Las encuestas, con su aparente y llamativa precisión, van en ayuda de esa preocupación de los partidos por anticipar cuántos escaños va a ocupar cada uno. Sin embargo, hay una discusión mucho más interesante para la opinión pública. Con los mismos datos previstos de las encuestas y luego con los definitivos del escrutinio en la noche electoral podemos dibujar la traza más interesante: la proporción de votos que consigue cada partido. Ahí es donde se manifiesta el verdadero peso del electorado. Existe una fórmula (ahora se dice "algoritmo") para relacionar con exactitud el número de votos con el de escaños a la escala de cada una de las 52 circunscripciones. Pero de todos es sabido que no se trata de una relación lineal o sencilla. Los constituyentes de 1978 establecieron la Ley d’Hondt, por la que resultan favorecidos en escaños los partidos con más votos (últimamente PP y PSOE) y los que los concentran en unas pocas provincias (los nacionalistas vascos y catalanes). En cambio, la proporción de votos (del total de papeletas válidas) nos señala de forma mucho más certera la significación de cada partido. Así se entenderá lo taimada que resulta la figura del llamado "voto útil". Consiste en que convencer a los seguidores de un partido pequeño para que se decidan a escoger la papeleta de un partido grande. La campaña del voto útil se dirige propiamente a los presuntos votantes de Vox, que en buena parte son antiguos seguidores del PP. Por eso mismo, en el caso de Vox, interesa de manera especial el número de votos que va a conseguir. Importa menos que con ello se quiten algunos posibles escaños al PP.

Lo verdaderamente significativo es el porcentaje de votos que va a recibir cada partido, pero siempre que el dato se aplique a varias provincias, cinco por lo menos. En ese caso hablamos propiamente de partidos nacionales. Si los votos de un partido se concentran en menos de cinco provincias, el partido en cuestión no será tal sino más bien un grupo de presión. Puede ser muy efectivo; no hay más que recordar el caso de Coalición Canaria. Ese sí es de verdad el voto útil, como se ha visto en la pasada legislatura. Supongo que los astutos líderes de Coalición Canaria nunca han pretendido representar los intereses de todos los españoles.

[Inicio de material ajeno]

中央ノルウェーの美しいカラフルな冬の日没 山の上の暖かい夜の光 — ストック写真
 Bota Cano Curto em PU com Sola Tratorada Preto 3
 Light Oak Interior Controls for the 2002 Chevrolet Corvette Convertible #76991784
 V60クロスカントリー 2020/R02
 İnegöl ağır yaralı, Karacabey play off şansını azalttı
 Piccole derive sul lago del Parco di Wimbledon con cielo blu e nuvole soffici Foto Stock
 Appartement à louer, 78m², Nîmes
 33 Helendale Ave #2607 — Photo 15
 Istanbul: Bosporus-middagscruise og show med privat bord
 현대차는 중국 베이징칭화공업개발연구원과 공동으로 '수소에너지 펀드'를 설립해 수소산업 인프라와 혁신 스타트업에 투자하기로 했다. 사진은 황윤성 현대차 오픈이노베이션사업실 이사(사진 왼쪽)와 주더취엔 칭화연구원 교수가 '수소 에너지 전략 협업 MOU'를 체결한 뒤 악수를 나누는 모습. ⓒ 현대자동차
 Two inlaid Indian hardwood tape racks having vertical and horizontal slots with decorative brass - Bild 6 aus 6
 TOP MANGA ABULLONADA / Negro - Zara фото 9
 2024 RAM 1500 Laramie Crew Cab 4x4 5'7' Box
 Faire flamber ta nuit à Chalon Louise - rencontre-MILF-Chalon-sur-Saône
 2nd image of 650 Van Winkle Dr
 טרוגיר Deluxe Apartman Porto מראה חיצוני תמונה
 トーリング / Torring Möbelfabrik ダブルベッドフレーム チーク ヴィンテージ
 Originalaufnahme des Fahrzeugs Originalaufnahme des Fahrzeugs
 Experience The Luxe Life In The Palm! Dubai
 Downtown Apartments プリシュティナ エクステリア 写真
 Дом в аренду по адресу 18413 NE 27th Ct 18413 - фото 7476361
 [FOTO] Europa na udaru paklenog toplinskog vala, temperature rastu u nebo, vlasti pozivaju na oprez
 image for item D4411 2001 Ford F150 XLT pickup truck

En España operan legalmente cientos de partidos, pero hoy solo hay cinco que pueden calificarse como verdaderamente nacionales. El quinto es Vox, que seguramente se estrenará con el nuevo Parlamento. Ya se sabe que en todas las circunstancias los veteranos suelen mirar con resentimiento a los novatos. No es suficiente que Vox salga perjudicado con la Ley d’Hondt. Se impone en la realidad que sea el blanco preferido del prejuicio negativo. Se nota en el tono general, tan despreciativo, de los comentaristas en los medios. La satisfacción de los voxeros es que, si las encuestas les dan el 10% de los votos, en el escrutinio de las urnas puedan alcanzar el 20%. Si no llegan a ese techo es porque ha funcionado la bellaquería de la campaña del voto útil. Si lo superan será la definitiva decadencia del PP.